I’ve just finished “Becoming More Australian” and I recommend you all read it (no idea if your local library would have such a book, but it’s worth checking). It’s an easy and entertaining read; plus it has loads of random (and possibly useless – unless you plan to visit) facts. Here’s a quick smattering of sentences from the section on their language:
“G’day mate, ow ya goin? Come on, avego at Aussie English…. So what do you get when you mix Irish, English, Scottish and then gradually add a number of other languages and leave them to simmer on a hot island? You get Strine – ‘Australian English’. Strine is the broad Australian accent, so broad that the word ‘Strine’ is actually what the word ‘Australian’ sounds like down under…. Aussies also love comparisons, for instance: ‘flat out like a lizard drinking’ (busy) or ‘like a possum up a gum tree’ (happy). They will also abbreviate everything that can (and cannot or should not be abbreviated): Barbie (barbeque), arvo (afternoon), sunnies (sunglasses), cossie (swimming costume), mozzie (mosquito), brekkie (breakfast), cuppa (cup of tea) and servo (service station). Sometimes they are merely suggestive of the original: sparkie (electrician), chippie (carpenter) and chalkie (teacher).”

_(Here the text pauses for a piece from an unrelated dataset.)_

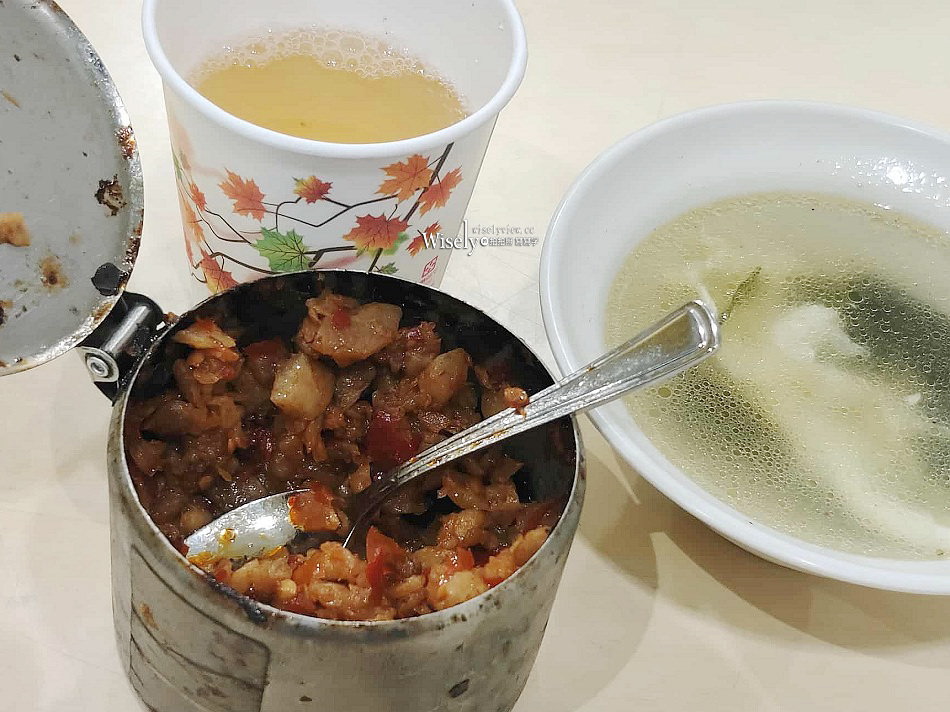 飛燒味脆皮燒肉專賣︱南機場燒臘便當︱涼茶熱湯喝到飽︱捷運龍山寺站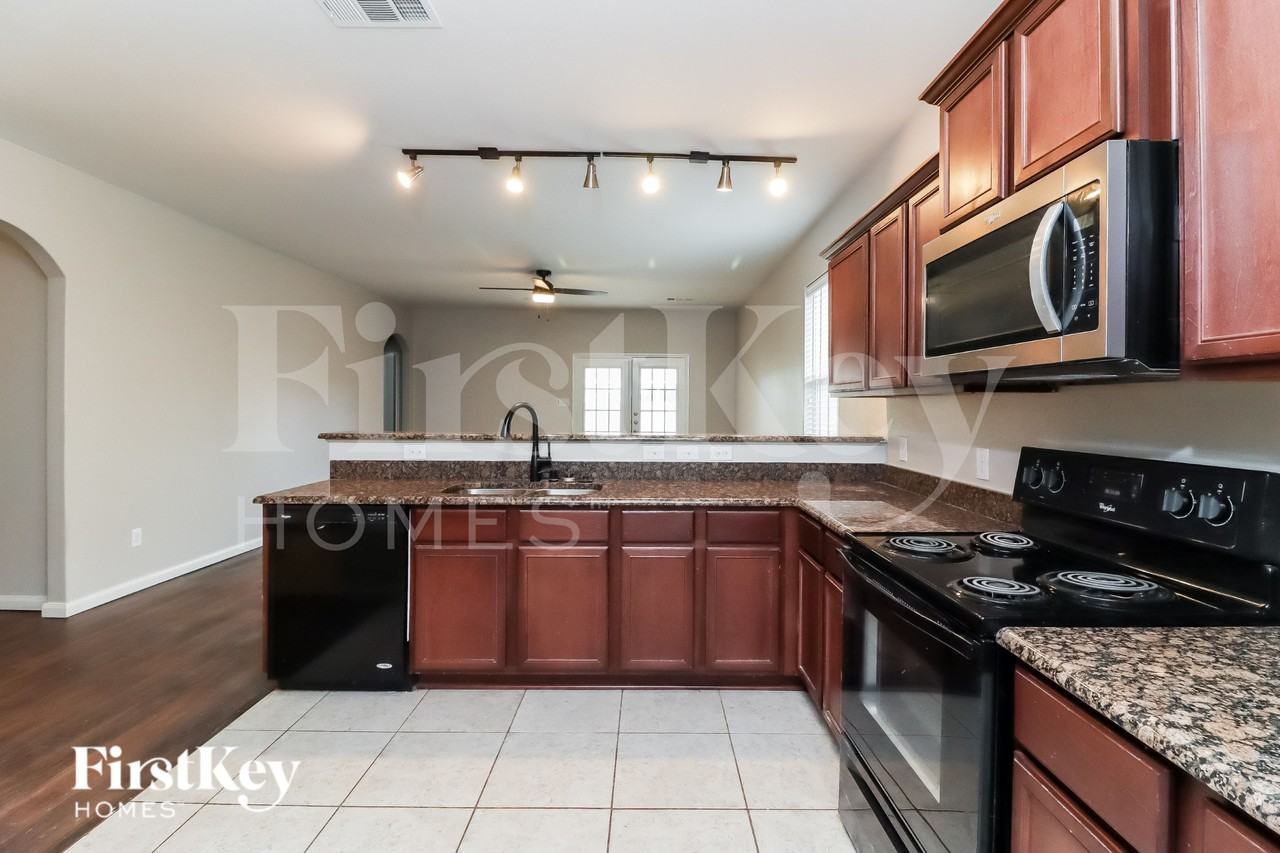 6205 Ryan Creek Rd - Photo 7 of 16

Now doesn’t that just make you want to read the book? No worries (they say that for just about everything) if you’re not sold on the idea – I don’t offend easily. From my own personal experience, they do indeed feel the need to shorten everything. There is an add on TV right now trying to get you to buy Australian Mandarin Oranges because they’re in season now, but they call them “Mandies” the whole commercial. At surf camp they called the wet suites “wetties” and at the time I thought they were calling it brekkie because they were surfers (most of them weren’t even Australian), not because that’s what it’s called in Australia. Two other Aussie phrases I’ve been introduced to are, “I couldn’t give cheese away at a rat’s picnic” (meaning something is utterly useless), and “carried on like a pork chop” (meaning behaved in a silly manner). I love the last one and it reminds me of how we say someone is “being a ham” or “hamming it up” when someone is acting silly in the U.S.
So if you’re looking for a nice, undemanding book to read, I’d suggest you pick up a copy for yourself. The book isn’t just about Strine, it gives a rundown on Aussie sports, food, and culture too! As the back of the book explains, “You’ll learn why you should drive a ute, how to tell a kangaroo from a wallaby…how to play footie, enjoy cricket and a whole lot more!” The chapter on the “ute” (which is pronounced ‘yoot’) is quite informative. Where else would I have learned that kangaroos cannot fart or move their legs independently? I definitely recommend the chapter on Aussie foods –I’m going to have to go buy myself some Tim Tams to try. I’m sure you’ll find something interesting in this book, no matter your nationality or future travel plans.